A recent Pike Research survey of Americans found that the average consumer has 2.8 pieces of unused, broken or obsolete electronics equipment in his/her possession. And, Pike Research reports that by 2010, the amount of e-waste entering landfills will reach 73 million metric tons. To put that into perspective, 73 million metric tons is equivalent to the weight of 1.8 million eighteen wheelers or 18.25 million adult female elephants.
The good news? The awareness of e-waste and its threat to the environment is rising. The Pike Research survey also found that 76 percent of consumers recognize recycling is the most effective way to handle e-waste.
An Airfoil client, Paragon Green, is one of the leading IT asset recovery and e-waste recyclers in the country. A few weeks ago, I had the opportunity to tour their warehouse facilities where they collect and sort an estimated 50 million pounds of e-waste for recycling each year. It was only when I saw their warehouse packed with keyboards, computer mice, computers, monitors, televisions, printers and copiers being processed that I fully realized the seriousness of the issue.
The global e-waste crisis is more than the volume. Hazardous e-waste is a big cause for alarm, particularly the lead-based glass found in cathode ray tubes (CRT) of televisions and computer monitors. CRTs cannot simply be dumped in landfills. Working CRTs are most often reused, but broken ones must go through glass-to-glass processing. E-waste also emits greenhouse gases. The U.S. Environmental Protection Agency reported that 1 million computers release an equivalent amount of greenhouse gases to that of more than 17,000 cars. According to the Computer Industry Almanac, Inc., in 2008 the U.S. had 264.1 million personal computers in use.

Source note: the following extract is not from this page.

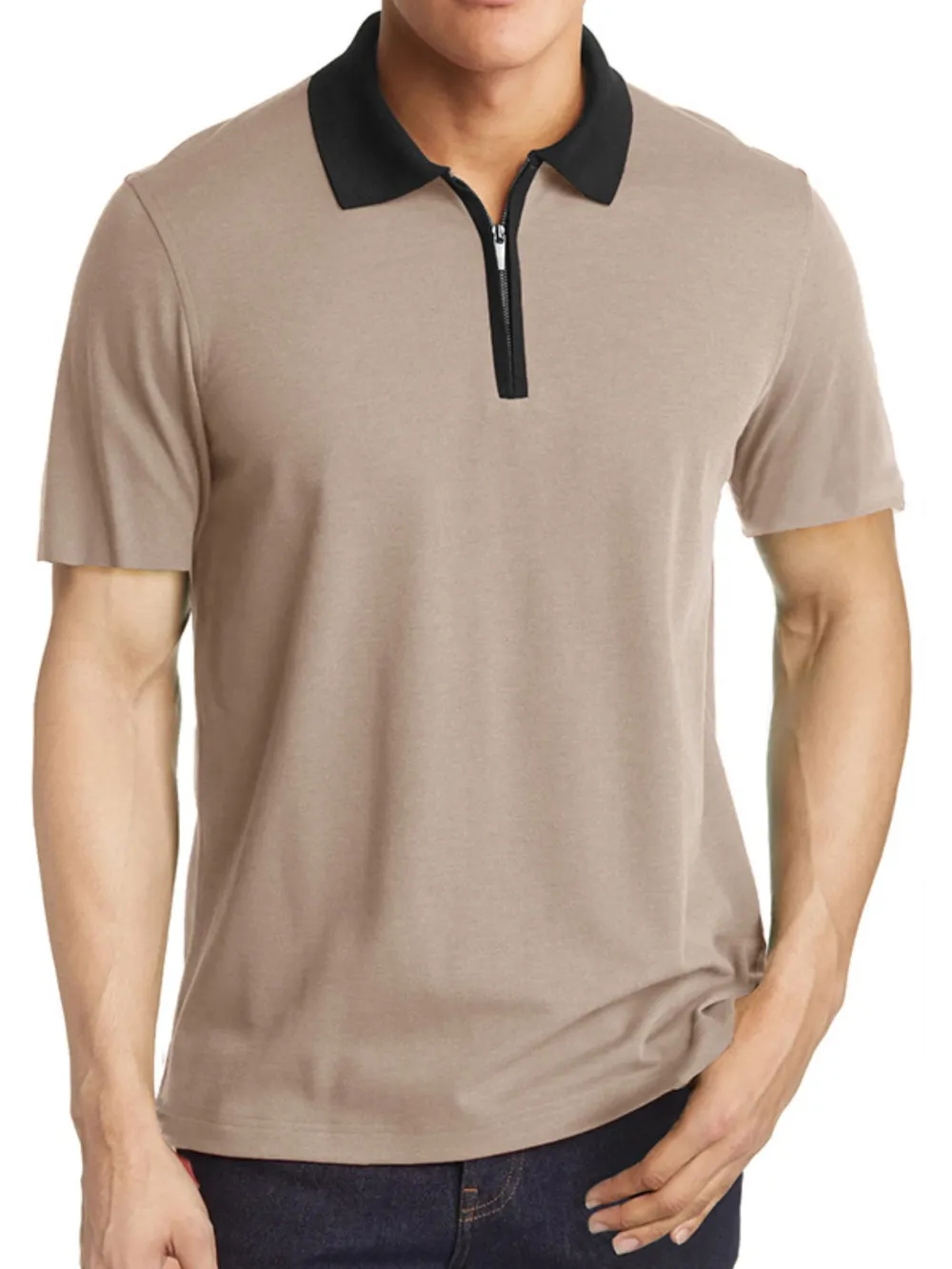 Men's Contrast Collar Quarter-Zip Polo Shirt, image 2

There is a lot to be done to solve the global e-waste crisis. Legislation and regulations must be put into place by governments to drive the responsible handling of end-of-life electronics equipment. Companies and consumers must also take an active role by recycling their electronics equipment responsibly. So, before you simply toss your old cell phone or outdated computer in the trash, be greener by finding a local electronics collection event in your local area.